El viaje incluirá aproximadamente 35 horas para transportar al equipo, junto con los  materiales de radioaficionado, carpas, comida y orinales portátiles. Costará alrededor de $ 5,000 por persona.

Horozakis, que posee negocios en telecomunicaciones y exterminio de plagas, dijo que un aumento en los casos de Covid-19 podría impedirle viajar entre su estado de Nueva Gales del Sur y Queensland, donde ha reservado el barco. "Si no sigue adelante", dijo, "al menos lo hemos intentado".

Estas excursiones se denominan DX-peditions, y DX se refiere, en la jerga de los radioaficionados, a la transmisión a largas distancias. Las misiones, como la mayoría de los viajes internacionales, se hundieron en gran medida el año pasado a causa de la pandemia.

Una vez activadas en la ubicación remota, las estaciones temporales hacen decenas de miles de contactos con operadores remotos, cada intercambio dura unos pocos segundos. El premio para los que regresan a casa es una postal o una confirmación electrónica, además del derecho a fanfarronear entre sus compañeros.

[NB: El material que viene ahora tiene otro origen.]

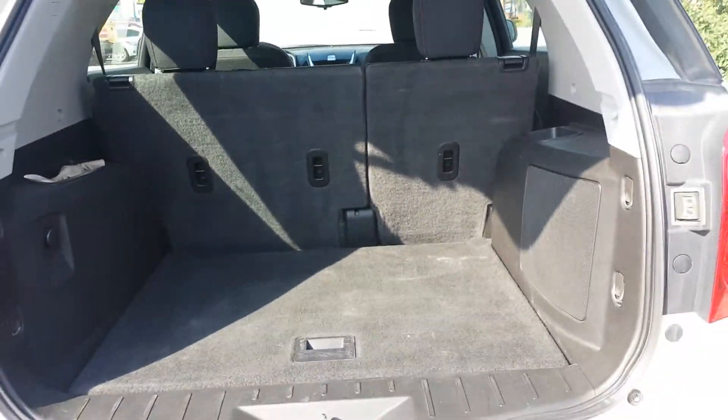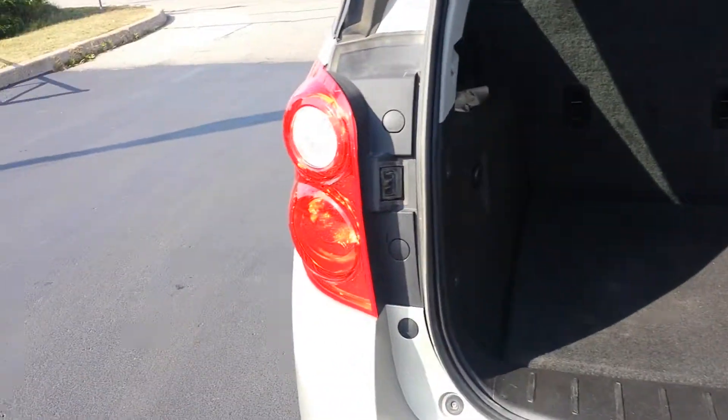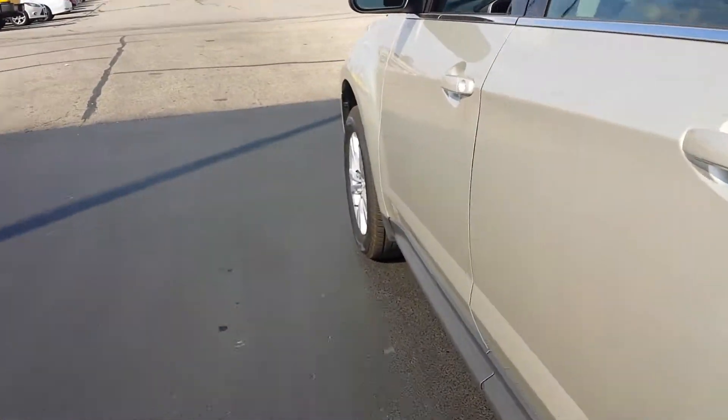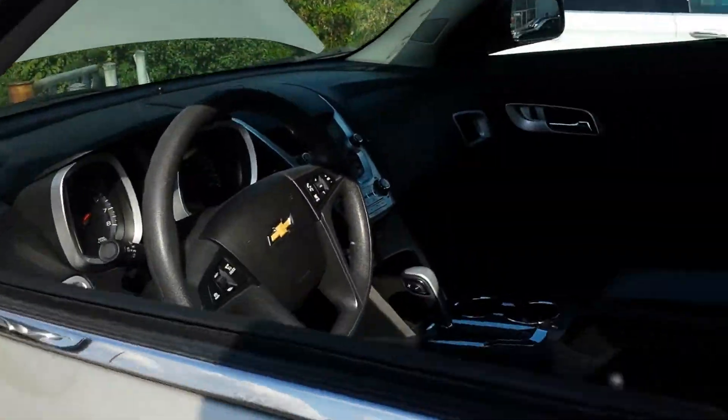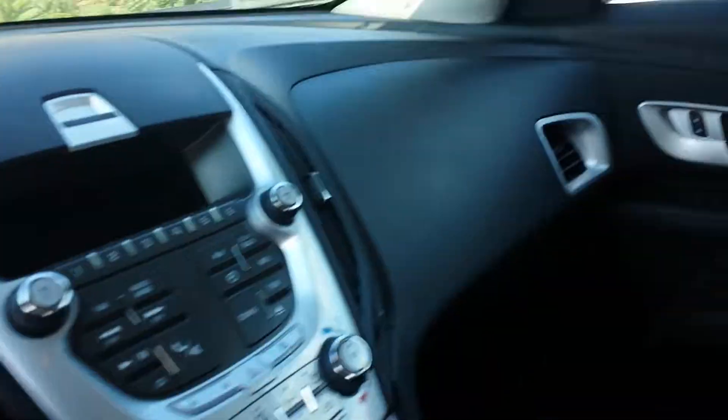Got lots of room in your trunk space for your hockey bags, golf clubs, whatever your needs are. There's also lots of room in the back for your passengers as well.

Los radioaficionados dedican una cantidad considerable de tiempo y dinero a mejorar el alcance y el rendimiento de sus estaciones de radio para establecer conexiones raras y distantes. En un mundo digital, donde casi todo se puede reproducir, no hay repeticiones. Una vez que finaliza una DXpedition, es posible que no haya otra activación desde ese lugar durante años o décadas.

Grzyb pasó tres días en la isla Bouvet en 2001. Lo intentó de nuevo en marzo de 2019. El equipo se acercó a 63 millas náuticas cuando el barco perdió sus antenas de comunicación en una tormenta y tuvo que regresar a Sudáfrica. "Es para personas que están un poco locas", dijo.

En enero de 2018, un equipo navegó 12 días desde Chile a la isla Bouvet, pero el mal tiempo impidió que volaran sus dos helicópteros contratados. Después de que uno de los motores del barco fallara en una tormenta, el capitán tuvo suficiente y regresó a puerto.

Adrian "Nobby" Styles espera una navegación más suave. El hombre de 53 años, que vive al sureste de Londres y trabaja en el negocio de suministro de alimentos, ha puesto su mirada en las islas Maldivas, que ocupa el puesto 138 en la lista de aficionados porque es más tranquila para viajar. Ya la ha cancelado dos veces a causa de la pandemia.

"Con suerte, sucederá a fines de septiembre", dijo el Sr. Styles, quien necesitará tres vuelos para llegar a su destino en el Océano Índico con su esposa, Maxine.

"A ella le encanta estar al sol todo el día y yo no puedo hacer eso", dijo, "pero me gusta operar con la radio".